Tag Archives: armenian political life

Interview with Alexander Arzoumanian

My interview with former Foreign Minister Alexander Arzoumanian was just posted on Hetq Online. In our conversation he talked about political life after splitting from the Armenian National Congress, the platform of the Free Democrats party and its alliance with Heritage, the importance of free and fair parliamentary elections in Armenia, and mobilizing the Armenian youth.

You can see the video on the main Hetq web site or on Hetq’s channel on YouTube.

Alexander Arzoumanian

Doggies and Politics

The Armenian Observer just published a guest post of mine about how I think dog walking can promote a sense of proaction in Armenian society. Here’s an excerpt:

Our walks lead me to believe, with a conviction stronger than ever, that if Armenians find the motivation that they so desperate seek to stand and make a difference – whatever that change may turn out to inevitably be – it can certainly happen. With the right stimulus at the appropriate moment, the concerns of many can be properly addressed in their favor. Armenia seems to go through periods of rage against the establishment, then dormancy; there isn’t a consistent, proactive struggle on a impressive, thought provoking level. I think many are growing weary of monthly or bimonthly “demonstrations” where all attendees hear are diatribes based on a list of general complaints.

You can read The Armenian Observer blog here.

Things Happening (or not) in Armenia

The summer is upon us, which means that things will begin slowing down in Yerevan politically and socially, but not necessarily culturally. There’s always plenty to do for social butterflies in the summer months, plenty of cafes to visit, concerts to attend and distractions to take your attention away from things that really matter.

Liberty Square has become a giant playground for preschoolers–the authorities are doing everything possible to prevent peaceful political demonstrations from happening there. In the meantime, cafes galore where you can watch the World Cup soccer games while drinking a beer or two and even place bets with the “international bookmakers” doing business here. We have another few weeks of that to go.

In the meantime, political life will begin to drop off for the summer, on both ends of the spectrum. The entire government even shuts down during late summer for a couple of weeks, something that really perplexes me. Even the press takes a break–all newspapers and even online news sources stop working because there’s nothing apparently to report. That is of course absurd but that’s the way things work in a tiny country of barely 3 million people.

The Karabagh peace process will not go anywhere this year after the Azerbaijani-initiated skirmishes on the border on Saturday, half a day after both Presidents Serge Sarkisian and Illham Aliev met with Dmitry Medvedev in St. Petersburg. Yet on a positive note, I’ve been reading about conferences being held where Armenian and Azerbaijani university students meet to get to know one another and share experiences, in an effort to reach out and find some kind of solution to the conflict through the channels of civil society. Based on what they have written, in other words their own personal accounts, their efforts are naive and impractical at best.

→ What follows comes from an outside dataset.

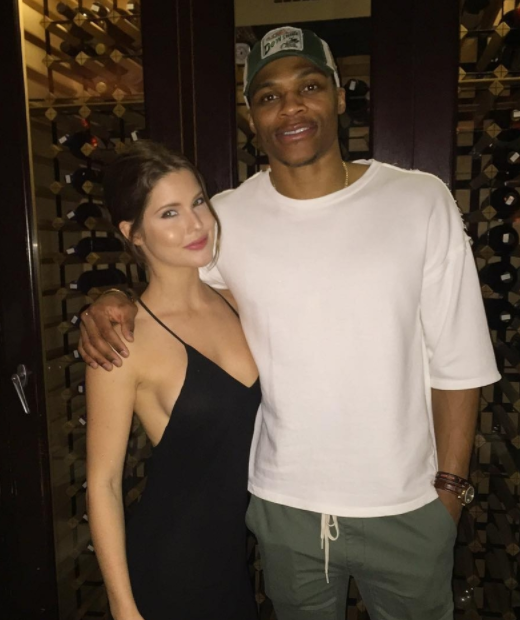 官方：拜仁与孔帕尼麾下的教练团队续约至2029年（拜仁官宣：与孔帕尼教练组续约至2029年）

Indeed, there should be discussion between the two societies, but at the end of the day, the Azerbaijanis expect things to go back to the status quo of the Soviet era–in other words for Karabagh to once again be placed under Azerbaijani control (naturally with the Armenian-occupied lands returned) in exchange for “the highest level of autonomy,” and I am pretty sure that the younger Azerbaijani generation expects the same, having been thoroughly brainwashed. So don’t necessarily understand what the Armenian and Azerbaijani youth groups are aiming to achieve through casual dialogue and partying (again, according to what I read).

Having said that, I really have no grounds for criticizing the youth because there needs to be discussion, the two sides must talk to one another through unofficial channels, now more than ever. My concern is–to what end?